▶ **Work item**
Below are some records; output exactly the lines from the line with "Soybu Tops - Women's" to the line with "Treinadora Fofão, da", both ends kept, and nothing more.

▶ **Dataset content**
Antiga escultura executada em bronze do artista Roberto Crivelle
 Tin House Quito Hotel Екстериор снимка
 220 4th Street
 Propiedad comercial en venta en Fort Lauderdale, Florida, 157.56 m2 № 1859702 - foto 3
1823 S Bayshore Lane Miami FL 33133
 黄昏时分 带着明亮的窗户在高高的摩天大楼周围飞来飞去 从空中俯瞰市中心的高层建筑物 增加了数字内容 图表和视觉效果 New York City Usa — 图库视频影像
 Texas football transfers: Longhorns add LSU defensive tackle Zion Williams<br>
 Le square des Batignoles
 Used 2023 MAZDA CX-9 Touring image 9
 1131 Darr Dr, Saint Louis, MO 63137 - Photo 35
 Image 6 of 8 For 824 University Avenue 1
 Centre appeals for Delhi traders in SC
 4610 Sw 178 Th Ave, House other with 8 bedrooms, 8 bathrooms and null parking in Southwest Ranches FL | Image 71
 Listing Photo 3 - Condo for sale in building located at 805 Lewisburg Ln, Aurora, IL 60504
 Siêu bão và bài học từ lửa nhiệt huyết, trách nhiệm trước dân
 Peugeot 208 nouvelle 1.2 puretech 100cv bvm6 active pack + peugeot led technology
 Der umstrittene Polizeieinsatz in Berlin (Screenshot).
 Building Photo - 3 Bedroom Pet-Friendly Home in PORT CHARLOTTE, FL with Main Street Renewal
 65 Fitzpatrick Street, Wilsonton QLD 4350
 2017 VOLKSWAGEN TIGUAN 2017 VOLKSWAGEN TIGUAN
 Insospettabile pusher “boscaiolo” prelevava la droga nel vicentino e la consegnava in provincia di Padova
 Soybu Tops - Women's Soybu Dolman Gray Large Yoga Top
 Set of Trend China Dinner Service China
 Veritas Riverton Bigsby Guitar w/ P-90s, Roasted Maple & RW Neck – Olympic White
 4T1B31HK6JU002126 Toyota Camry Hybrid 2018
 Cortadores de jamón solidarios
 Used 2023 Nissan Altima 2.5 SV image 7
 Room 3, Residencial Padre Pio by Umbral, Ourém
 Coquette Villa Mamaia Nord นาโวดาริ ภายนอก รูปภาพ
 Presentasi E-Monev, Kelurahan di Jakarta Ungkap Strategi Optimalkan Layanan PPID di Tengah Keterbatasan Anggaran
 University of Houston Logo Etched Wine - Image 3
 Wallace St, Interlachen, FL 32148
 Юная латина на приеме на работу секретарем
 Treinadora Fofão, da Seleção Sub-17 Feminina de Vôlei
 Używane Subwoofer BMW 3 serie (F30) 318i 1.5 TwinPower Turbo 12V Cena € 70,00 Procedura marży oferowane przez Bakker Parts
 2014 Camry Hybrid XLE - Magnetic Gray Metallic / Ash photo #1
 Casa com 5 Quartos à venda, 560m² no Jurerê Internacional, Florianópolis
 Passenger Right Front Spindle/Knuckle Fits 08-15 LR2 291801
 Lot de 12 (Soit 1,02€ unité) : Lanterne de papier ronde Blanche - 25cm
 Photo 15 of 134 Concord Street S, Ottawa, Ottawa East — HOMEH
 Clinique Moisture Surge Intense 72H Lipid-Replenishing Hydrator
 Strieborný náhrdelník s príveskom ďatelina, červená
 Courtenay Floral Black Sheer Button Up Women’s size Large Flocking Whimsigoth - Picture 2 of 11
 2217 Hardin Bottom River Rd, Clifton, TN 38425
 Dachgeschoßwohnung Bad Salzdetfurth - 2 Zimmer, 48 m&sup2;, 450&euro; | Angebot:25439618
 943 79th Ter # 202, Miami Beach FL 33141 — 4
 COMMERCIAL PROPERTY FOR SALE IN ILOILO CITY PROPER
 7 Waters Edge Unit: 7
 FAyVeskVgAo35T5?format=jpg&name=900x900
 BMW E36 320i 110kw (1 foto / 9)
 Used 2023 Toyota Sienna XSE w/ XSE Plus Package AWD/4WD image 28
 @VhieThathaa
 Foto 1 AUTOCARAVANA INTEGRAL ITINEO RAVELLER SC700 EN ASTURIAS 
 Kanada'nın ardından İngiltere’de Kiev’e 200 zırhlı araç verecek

▶ **Solution to this task**
 Soybu Tops - Women's Soybu Dolman Gray Large Yoga Top
 Set of Trend China Dinner Service China
 Veritas Riverton Bigsby Guitar w/ P-90s, Roasted Maple & RW Neck – Olympic White
 4T1B31HK6JU002126 Toyota Camry Hybrid 2018
 Cortadores de jamón solidarios
 Used 2023 Nissan Altima 2.5 SV image 7
 Room 3, Residencial Padre Pio by Umbral, Ourém
 Coquette Villa Mamaia Nord นาโวดาริ ภายนอก รูปภาพ
 Presentasi E-Monev, Kelurahan di Jakarta Ungkap Strategi Optimalkan Layanan PPID di Tengah Keterbatasan Anggaran
 University of Houston Logo Etched Wine - Image 3
 Wallace St, Interlachen, FL 32148
 Юная латина на приеме на работу секретарем
 Treinadora Fofão, da Seleção Sub-17 Feminina de Vôlei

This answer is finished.